EXERCISE AIM » All lines from the one holding "Izdavanje: Poslovni prostor" through the last line of the entries below must be transcribed exactly, and no others. Pictures do not go in.

Image-caption web data

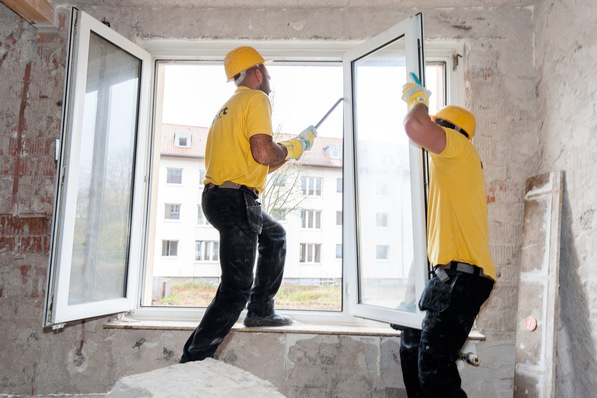 Bei einer Sanierung geht es immer auch um die Frage: Wohin mit den alten Fenstern? Die Rewindo bietet ein weites Netz an Rücknahmestellen, Hersteller al bohn macht es seinen Händlern aber noch einfacher: Die alten Elemente kommen einfach auf das Gestell, dass vom Hersteller wieder abgeholt wird.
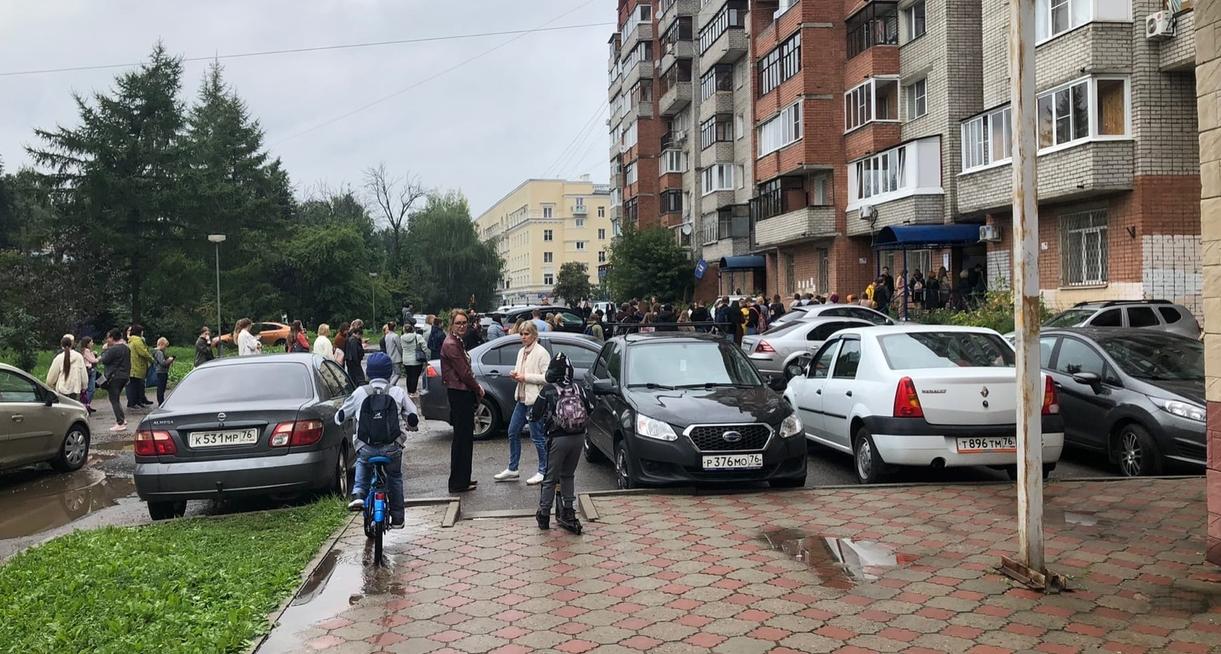 "Ничего не меняется": ярославцы стоят на улице в очереди за проездными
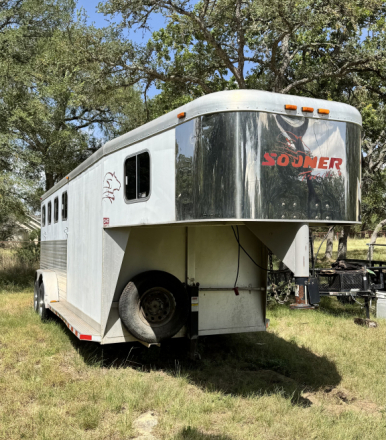 Tack ID: 570810 Sundowner Aluminum 4 horse w dressing room - PhotoID: 156014 - Expires 20-Dec-2026 Days Left: 86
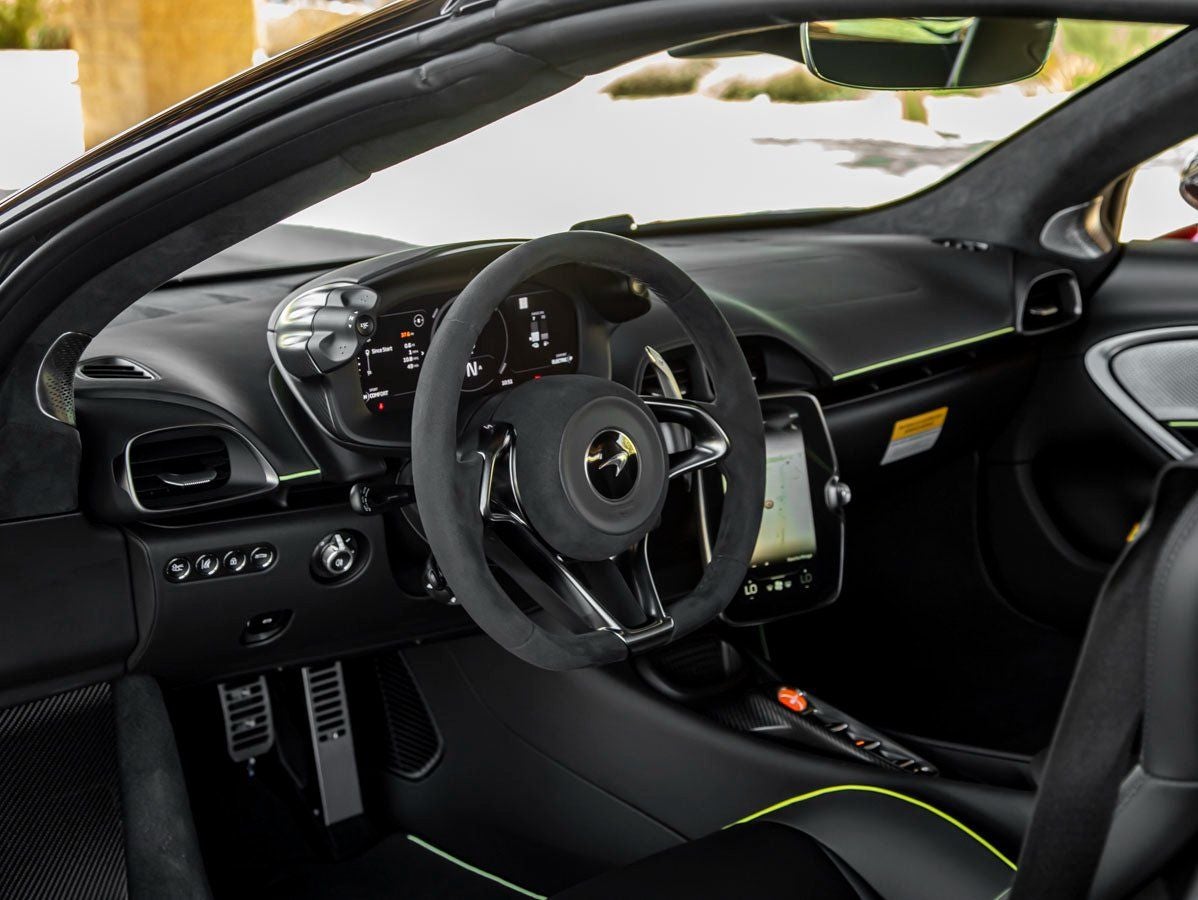 2025 McLaren Artura Spider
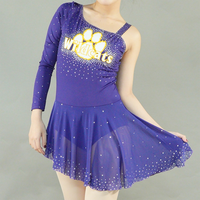 Tenue de Danse et de Compétition Personnalisée avec Logo, Uniforme de Cheerleader Violet à Une Épaule, Imprimé Wildcats, Strass et Pompons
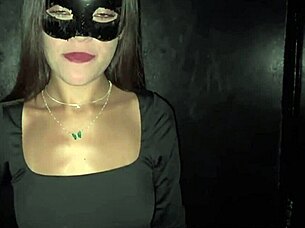 Novinha DA A BUCETA NAS GLORY HOLE DA CASA DE SWING VILLA IMPERIUM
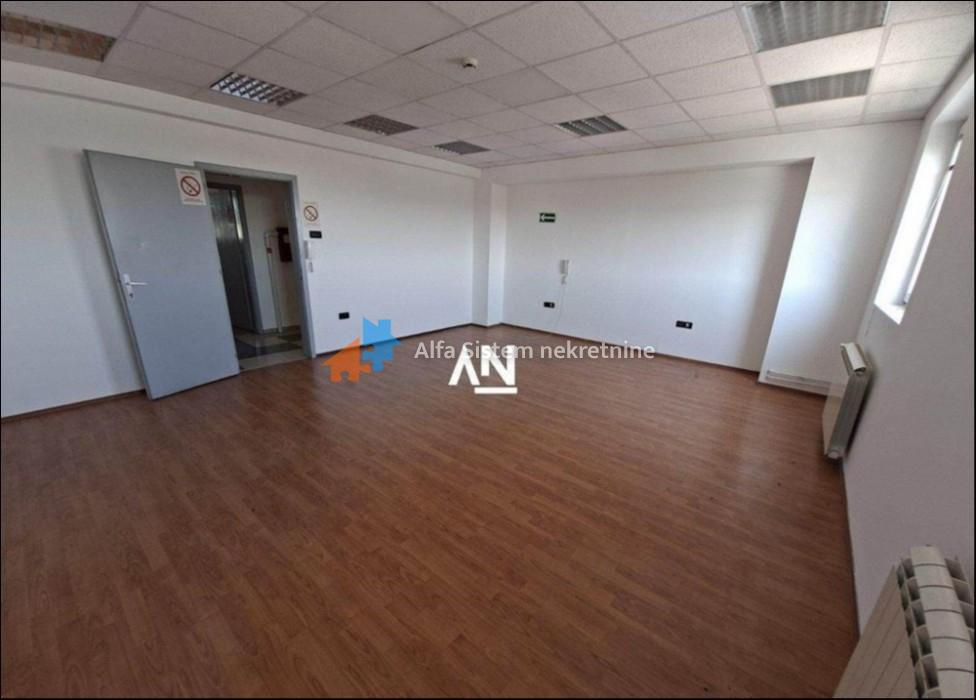 Izdavanje: Poslovni prostor 216 m², Zemun – Beograd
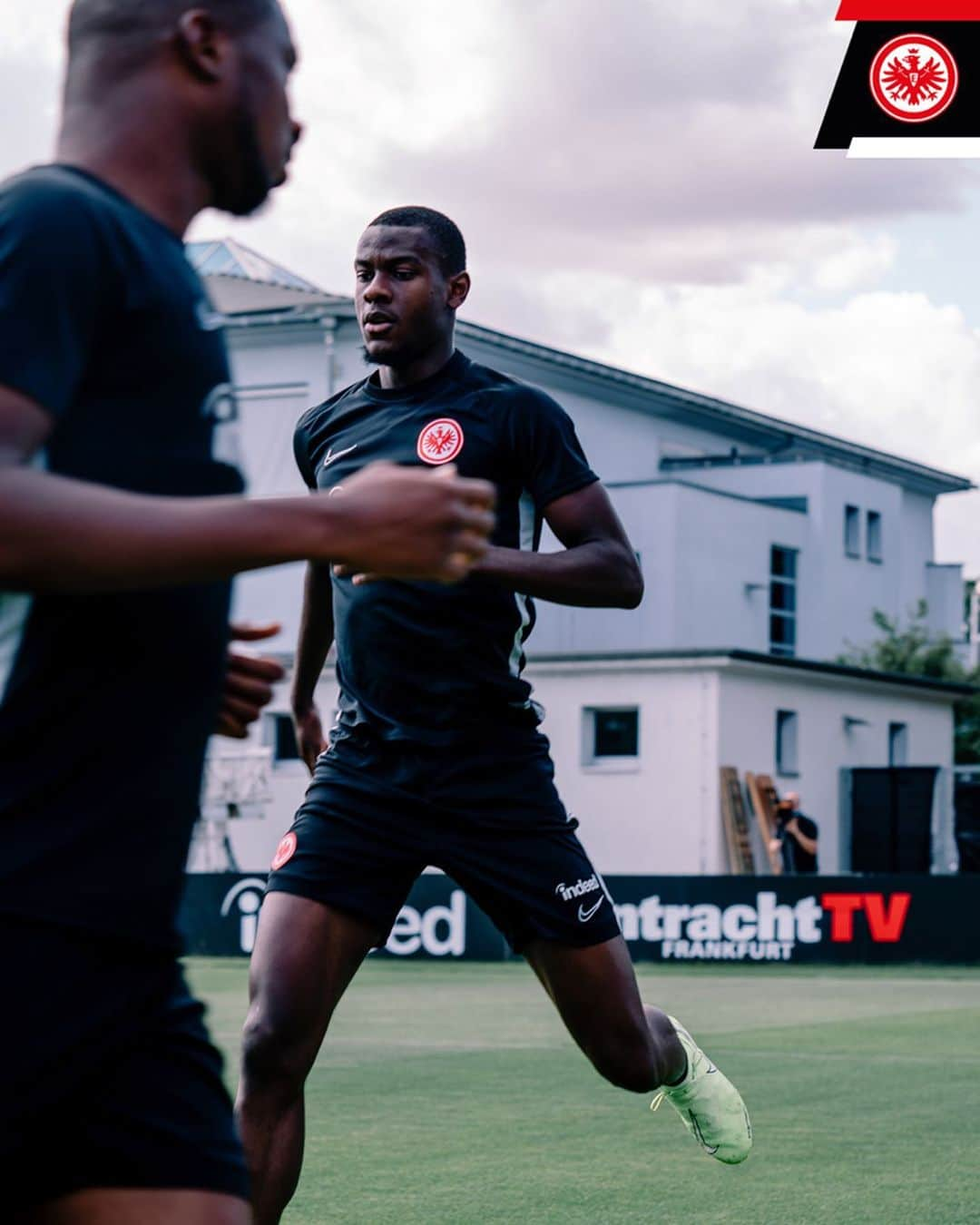 アイントラハト・フランクフルトさんのインスタグラム写真 - (アイントラハト・フランクフルトInstagram)「Training ✅  @europaleague 🔛 • • #SGEFCV #SGEuropa #sge #eintracht #frankfurt #eintrachtfrankfurt」8月15日 0時01分 - eintrachtfrankfurt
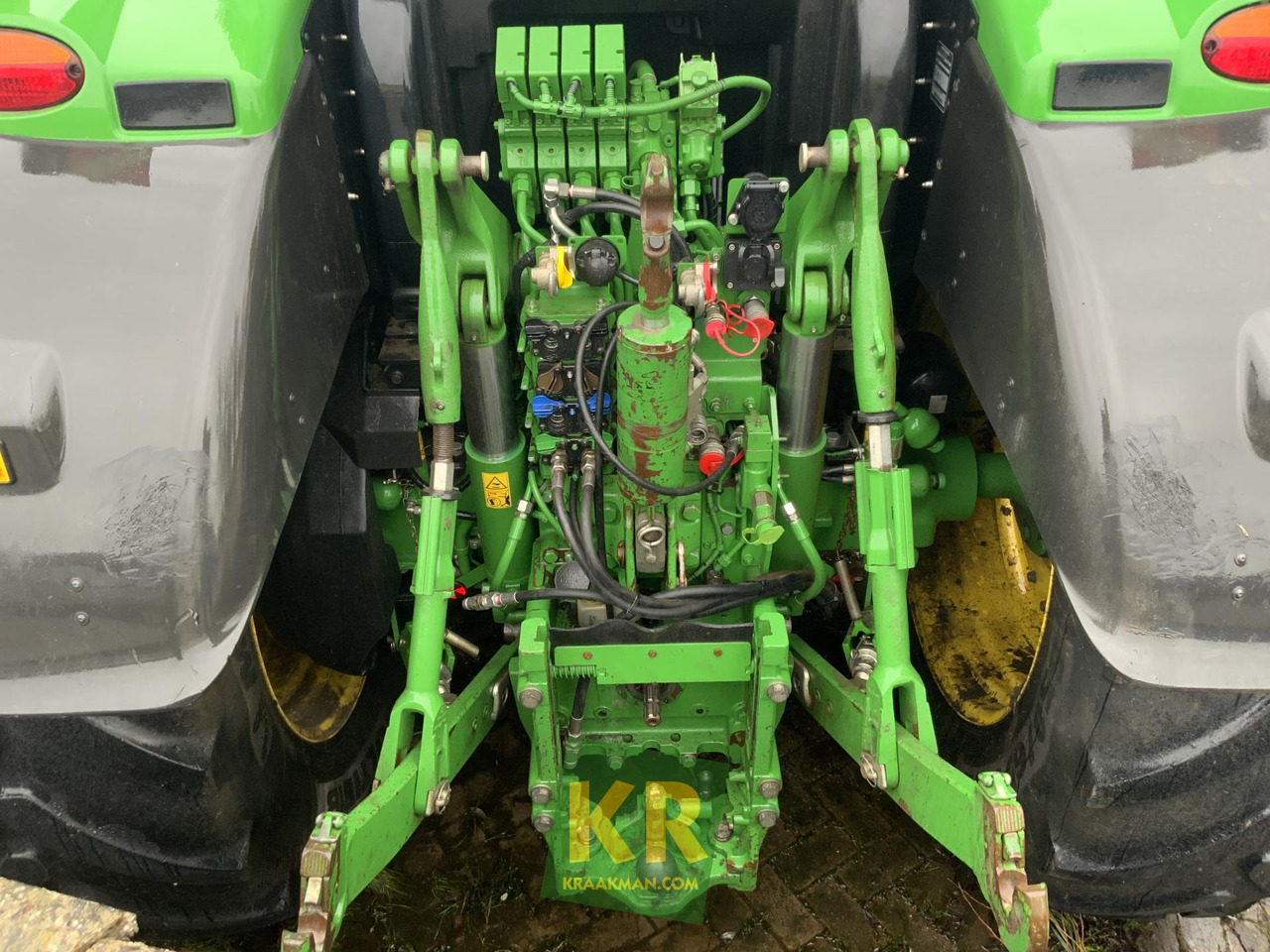 John Deere 6215R - Traktor: 4 kép. John Deere 6215R - Traktor: 4 kép.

EXERCISE ANSWER »
 Izdavanje: Poslovni prostor 216 m², Zemun – Beograd
 アイントラハト・フランクフルトさんのインスタグラム写真 - (アイントラハト・フランクフルトInstagram)「Training ✅  @europaleague 🔛 • • #SGEFCV #SGEuropa #sge #eintracht #frankfurt #eintrachtfrankfurt」8月15日 0時01分 - eintrachtfrankfurt
 John Deere 6215R - Traktor: 4 kép. John Deere 6215R - Traktor: 4 kép.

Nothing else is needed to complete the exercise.